Extracted records:
+ + + + +

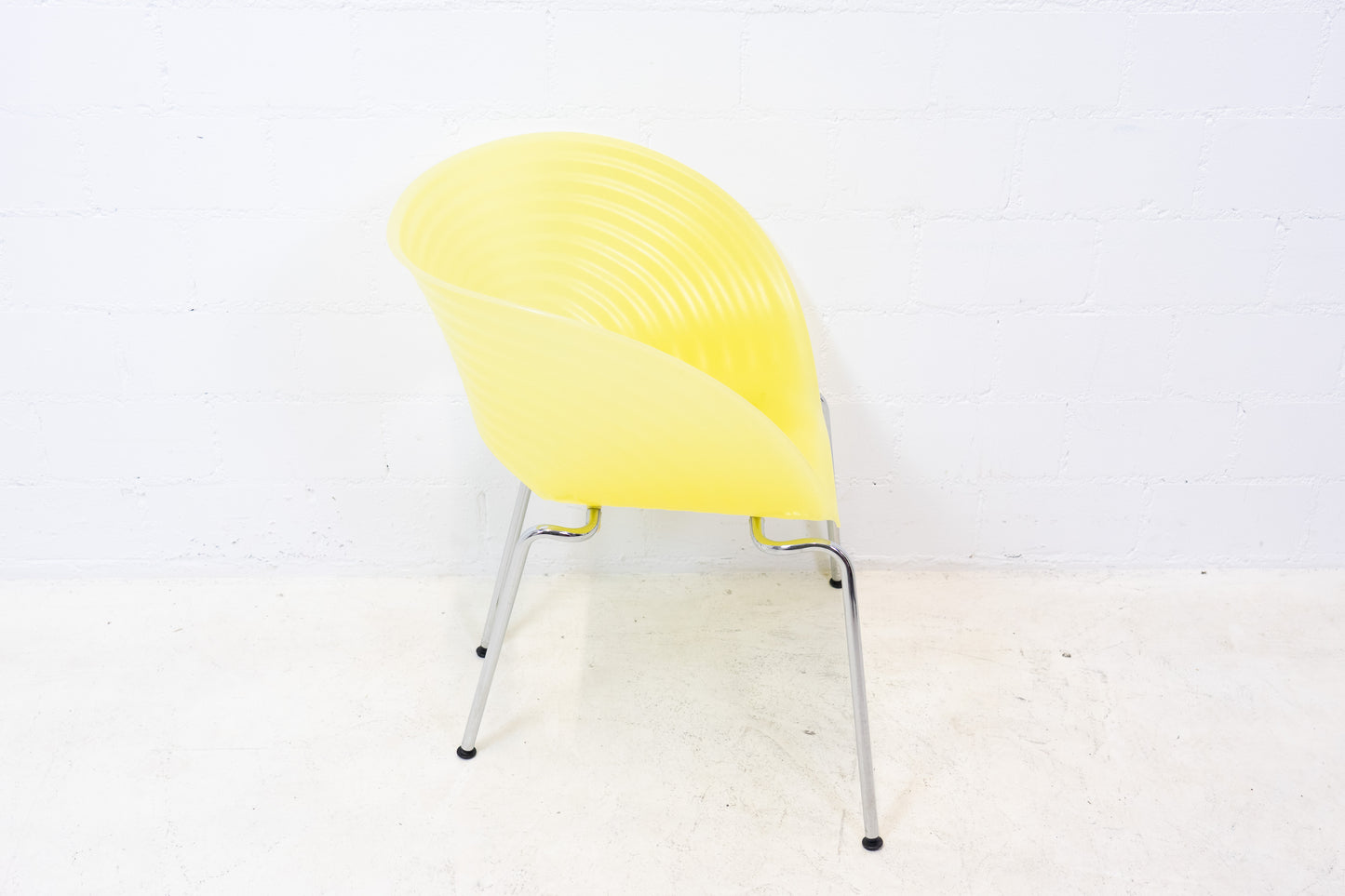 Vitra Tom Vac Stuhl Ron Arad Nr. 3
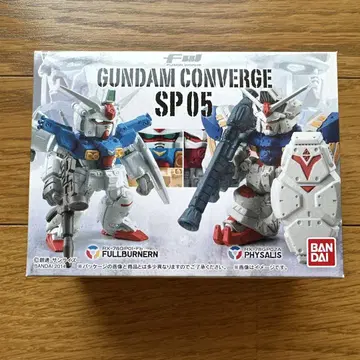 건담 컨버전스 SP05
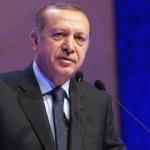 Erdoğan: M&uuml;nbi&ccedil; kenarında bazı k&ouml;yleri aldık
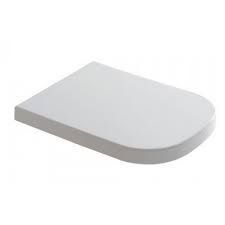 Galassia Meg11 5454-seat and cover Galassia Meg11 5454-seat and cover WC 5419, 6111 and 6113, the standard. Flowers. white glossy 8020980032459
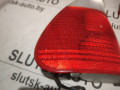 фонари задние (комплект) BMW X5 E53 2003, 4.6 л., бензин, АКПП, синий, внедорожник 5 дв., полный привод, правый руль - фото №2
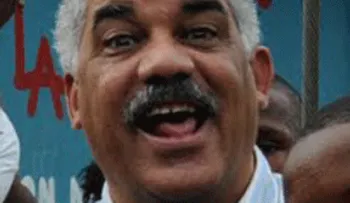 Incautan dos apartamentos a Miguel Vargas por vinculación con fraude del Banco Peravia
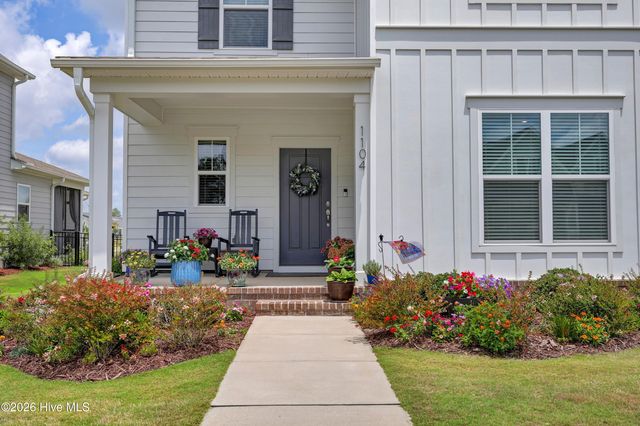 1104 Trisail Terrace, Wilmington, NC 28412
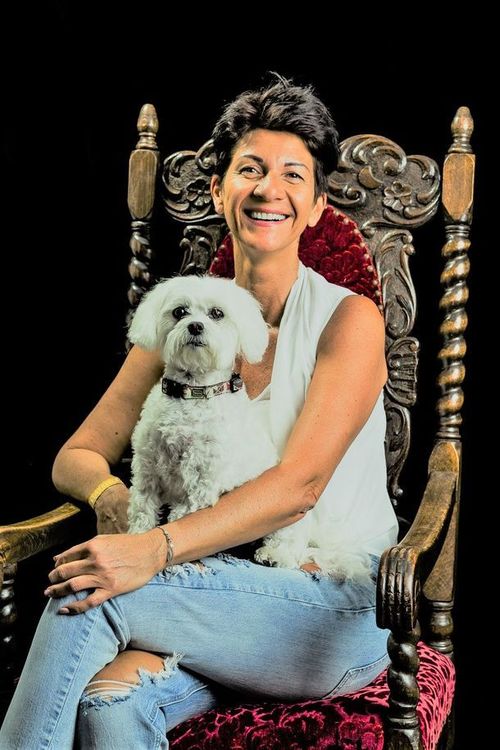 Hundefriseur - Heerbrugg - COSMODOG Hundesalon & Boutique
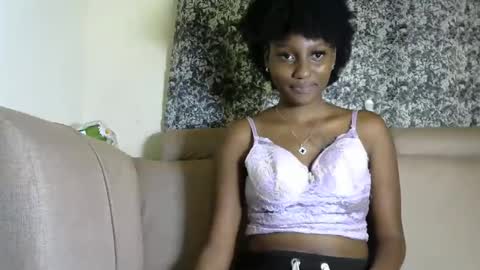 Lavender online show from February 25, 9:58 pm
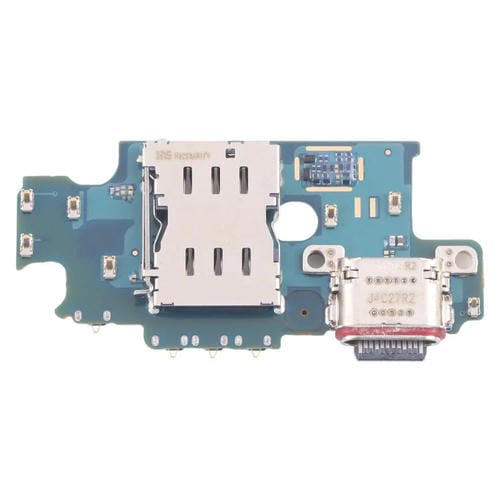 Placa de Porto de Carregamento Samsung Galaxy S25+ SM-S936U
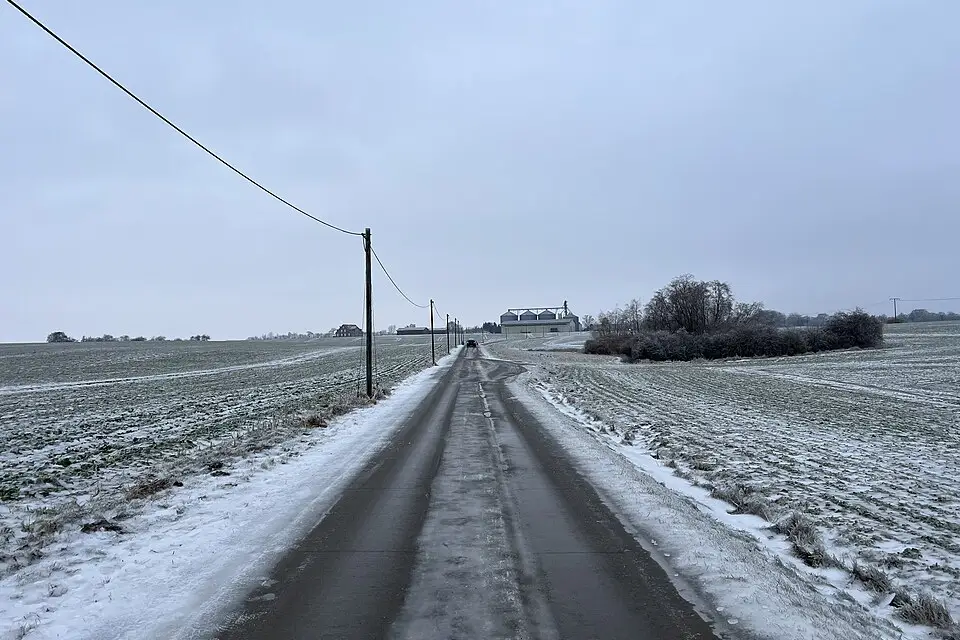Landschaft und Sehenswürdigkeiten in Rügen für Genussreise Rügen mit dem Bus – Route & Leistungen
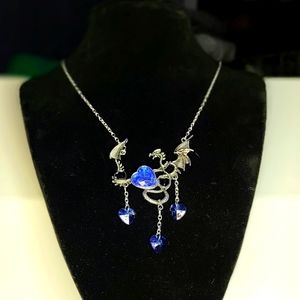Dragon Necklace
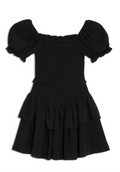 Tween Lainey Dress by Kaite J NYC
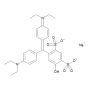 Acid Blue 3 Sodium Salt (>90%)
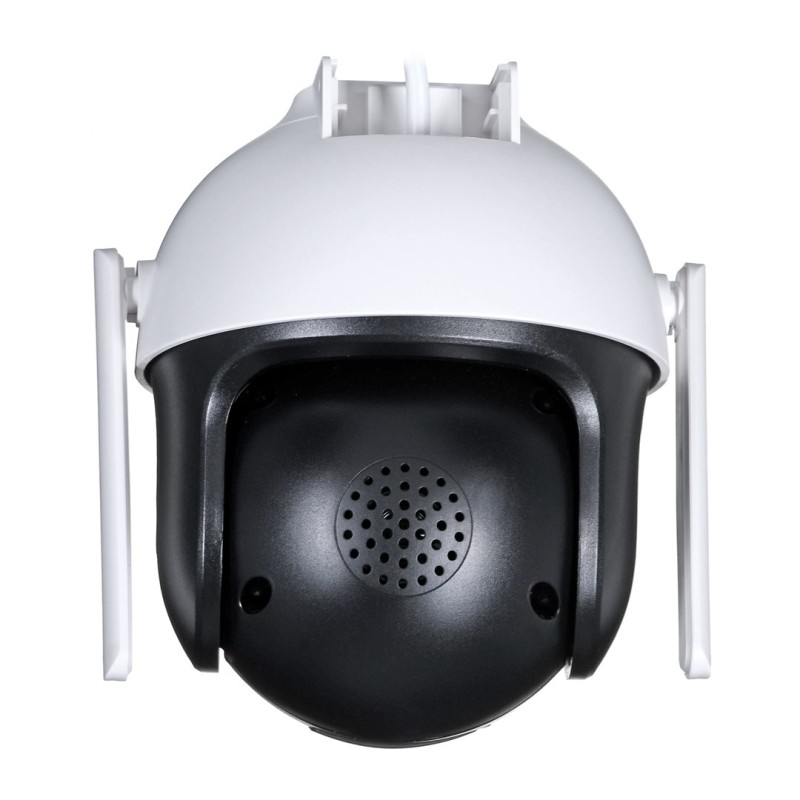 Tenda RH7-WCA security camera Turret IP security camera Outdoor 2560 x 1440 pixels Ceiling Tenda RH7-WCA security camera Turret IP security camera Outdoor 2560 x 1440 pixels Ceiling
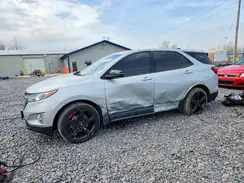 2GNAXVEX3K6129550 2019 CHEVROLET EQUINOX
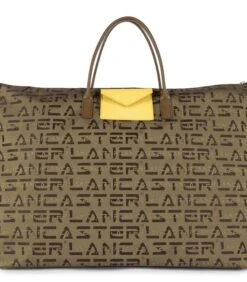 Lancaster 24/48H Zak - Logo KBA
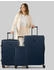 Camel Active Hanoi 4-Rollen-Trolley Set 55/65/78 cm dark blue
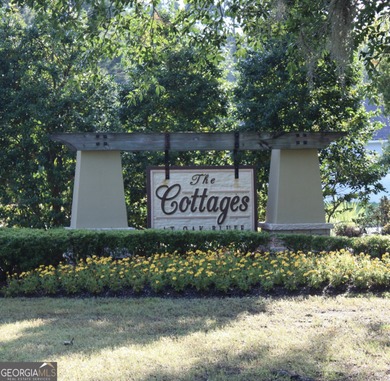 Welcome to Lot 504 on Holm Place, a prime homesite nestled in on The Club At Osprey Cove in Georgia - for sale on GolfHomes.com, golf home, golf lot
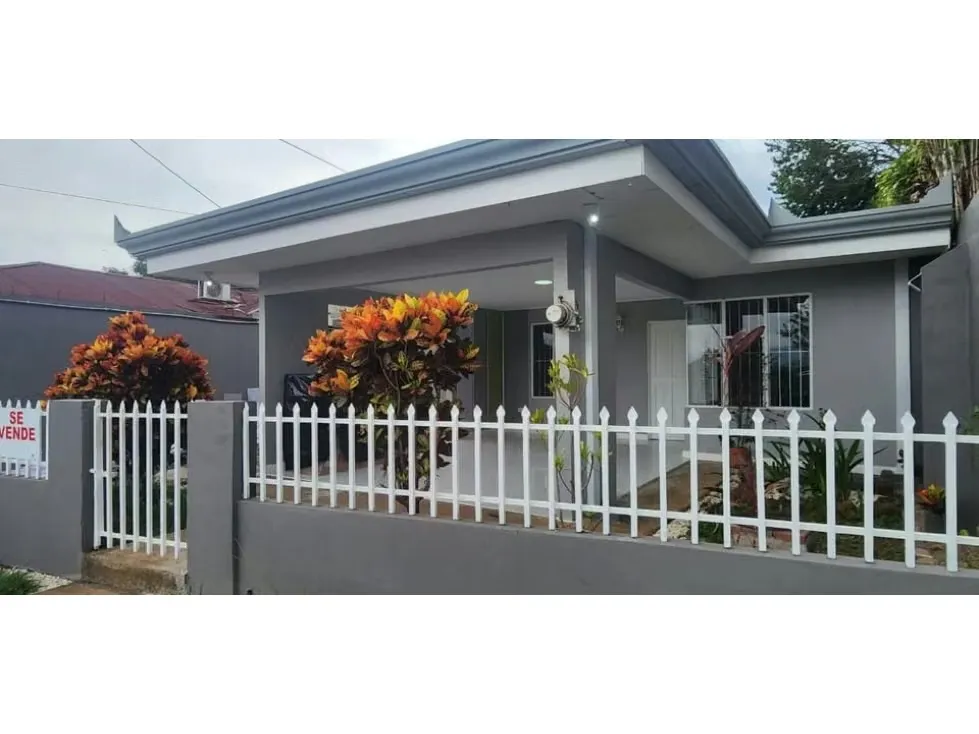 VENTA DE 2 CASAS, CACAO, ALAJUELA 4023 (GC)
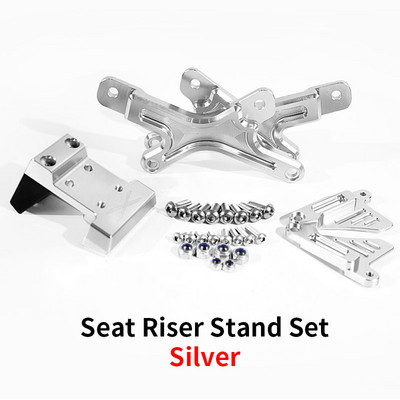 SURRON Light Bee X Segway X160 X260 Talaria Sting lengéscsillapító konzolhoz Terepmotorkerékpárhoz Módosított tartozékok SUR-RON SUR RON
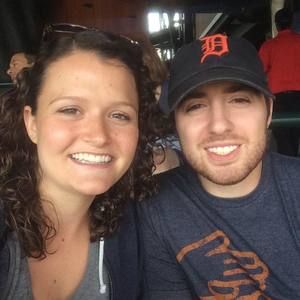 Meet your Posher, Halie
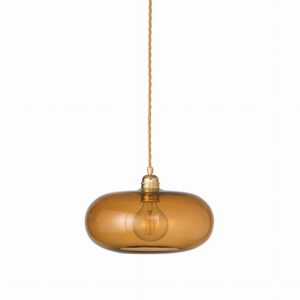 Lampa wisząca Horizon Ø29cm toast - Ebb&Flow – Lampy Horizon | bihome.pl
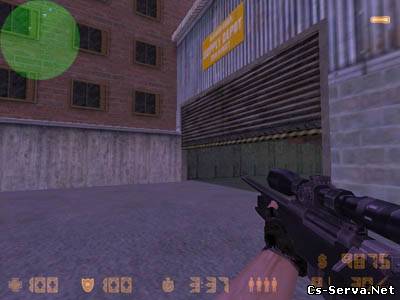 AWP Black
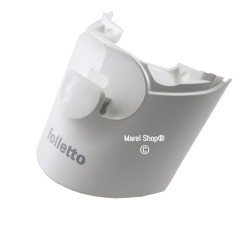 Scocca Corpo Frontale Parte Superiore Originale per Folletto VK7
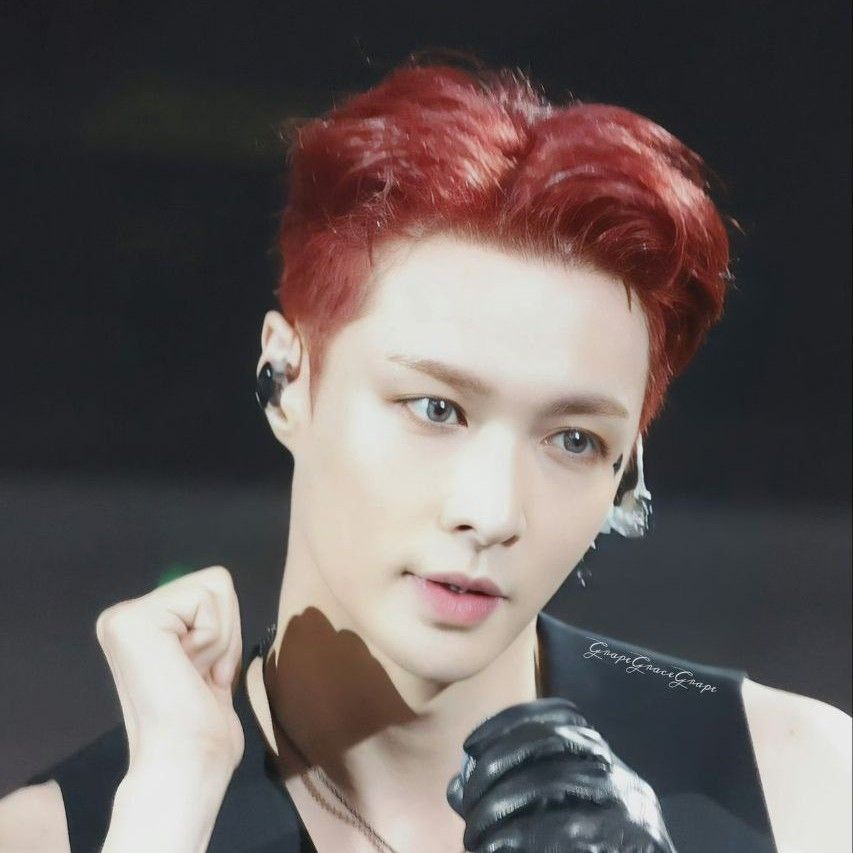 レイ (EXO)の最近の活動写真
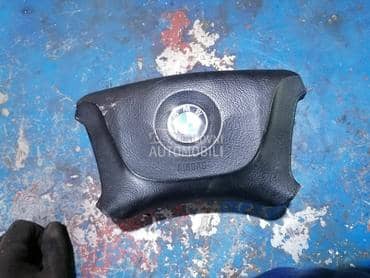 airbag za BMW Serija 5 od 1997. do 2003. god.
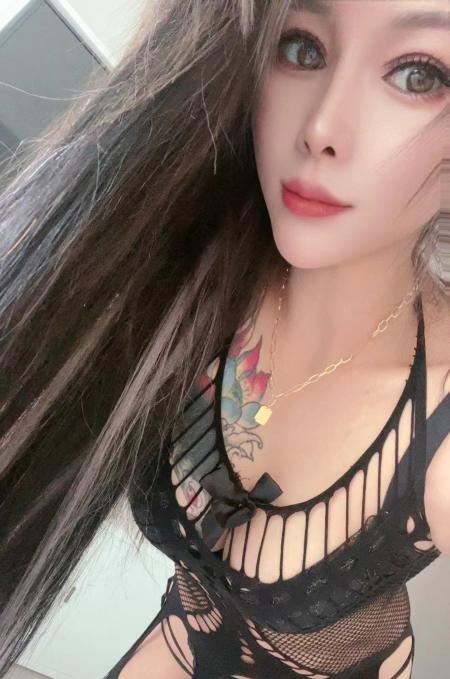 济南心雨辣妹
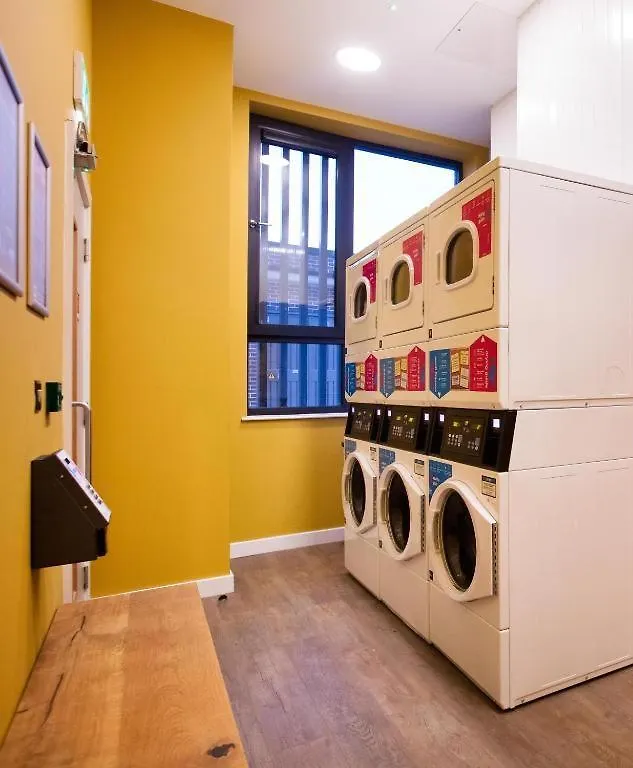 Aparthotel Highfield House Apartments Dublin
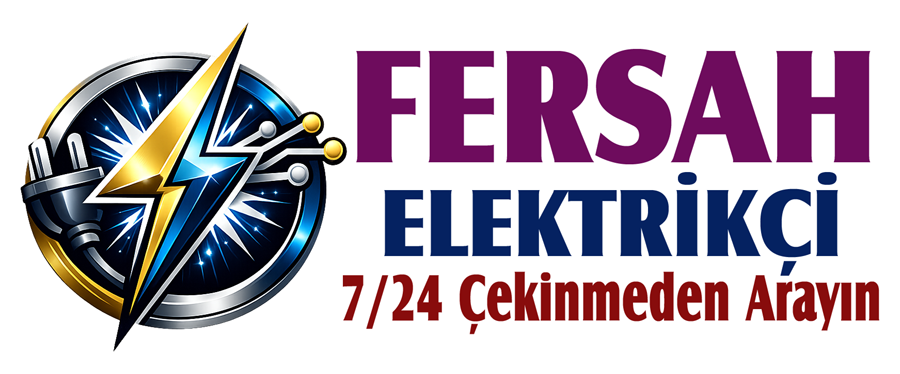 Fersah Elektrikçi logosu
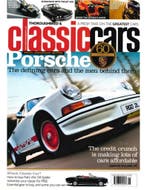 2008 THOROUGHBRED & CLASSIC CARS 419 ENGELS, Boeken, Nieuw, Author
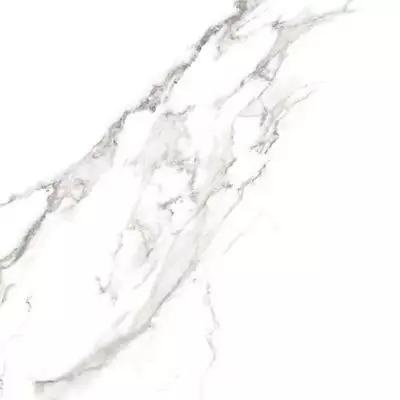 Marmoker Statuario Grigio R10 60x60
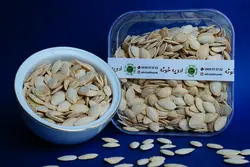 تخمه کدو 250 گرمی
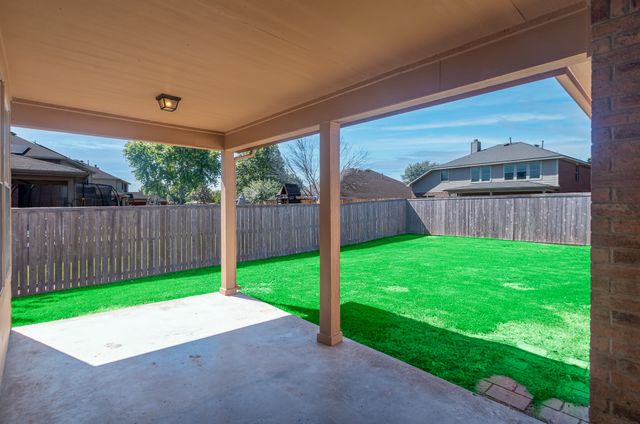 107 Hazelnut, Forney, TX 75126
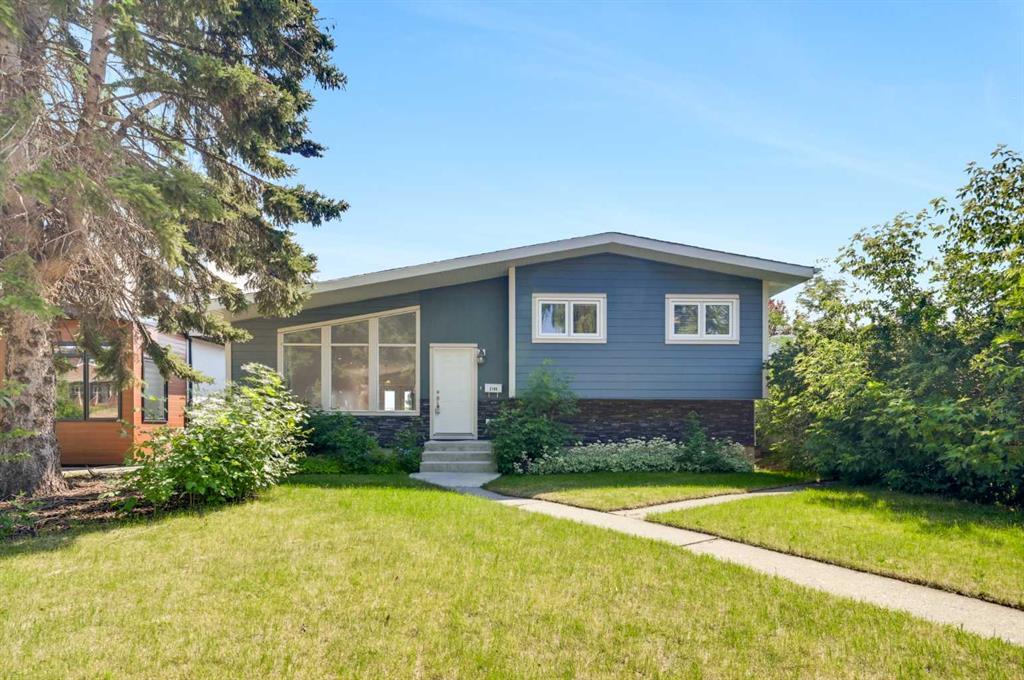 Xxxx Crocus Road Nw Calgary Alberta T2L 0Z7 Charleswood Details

+ + + + +

Only the lines from the line with "Hundefriseur - Heerbrugg" to the end of the records should be repeated, exactly and without pictures.

[ANSWER TO THIS EXERCISE]
 Hundefriseur - Heerbrugg - COSMODOG Hundesalon & Boutique
 Lavender online show from February 25, 9:58 pm
 Placa de Porto de Carregamento Samsung Galaxy S25+ SM-S936U
Landschaft und Sehenswürdigkeiten in Rügen für Genussreise Rügen mit dem Bus – Route & Leistungen
Dragon Necklace
 Tween Lainey Dress by Kaite J NYC
 Acid Blue 3 Sodium Salt (>90%)
 Tenda RH7-WCA security camera Turret IP security camera Outdoor 2560 x 1440 pixels Ceiling Tenda RH7-WCA security camera Turret IP security camera Outdoor 2560 x 1440 pixels Ceiling
 2GNAXVEX3K6129550 2019 CHEVROLET EQUINOX
 Lancaster 24/48H Zak - Logo KBA
 Camel Active Hanoi 4-Rollen-Trolley Set 55/65/78 cm dark blue
 Welcome to Lot 504 on Holm Place, a prime homesite nestled in on The Club At Osprey Cove in Georgia - for sale on GolfHomes.com, golf home, golf lot
 VENTA DE 2 CASAS, CACAO, ALAJUELA 4023 (GC)
 SURRON Light Bee X Segway X160 X260 Talaria Sting lengéscsillapító konzolhoz Terepmotorkerékpárhoz Módosított tartozékok SUR-RON SUR RON
 Meet your Posher, Halie
 Lampa wisząca Horizon Ø29cm toast - Ebb&Flow – Lampy Horizon | bihome.pl
 AWP Black
 Scocca Corpo Frontale Parte Superiore Originale per Folletto VK7
 レイ (EXO)の最近の活動写真
 airbag za BMW Serija 5 od 1997. do 2003. god.
 济南心雨辣妹
 Aparthotel Highfield House Apartments Dublin
 Fersah Elektrikçi logosu
 2008 THOROUGHBRED & CLASSIC CARS 419 ENGELS, Boeken, Nieuw, Author
 Marmoker Statuario Grigio R10 60x60
 تخمه کدو 250 گرمی
 107 Hazelnut, Forney, TX 75126
 Xxxx Crocus Road Nw Calgary Alberta T2L 0Z7 Charleswood Details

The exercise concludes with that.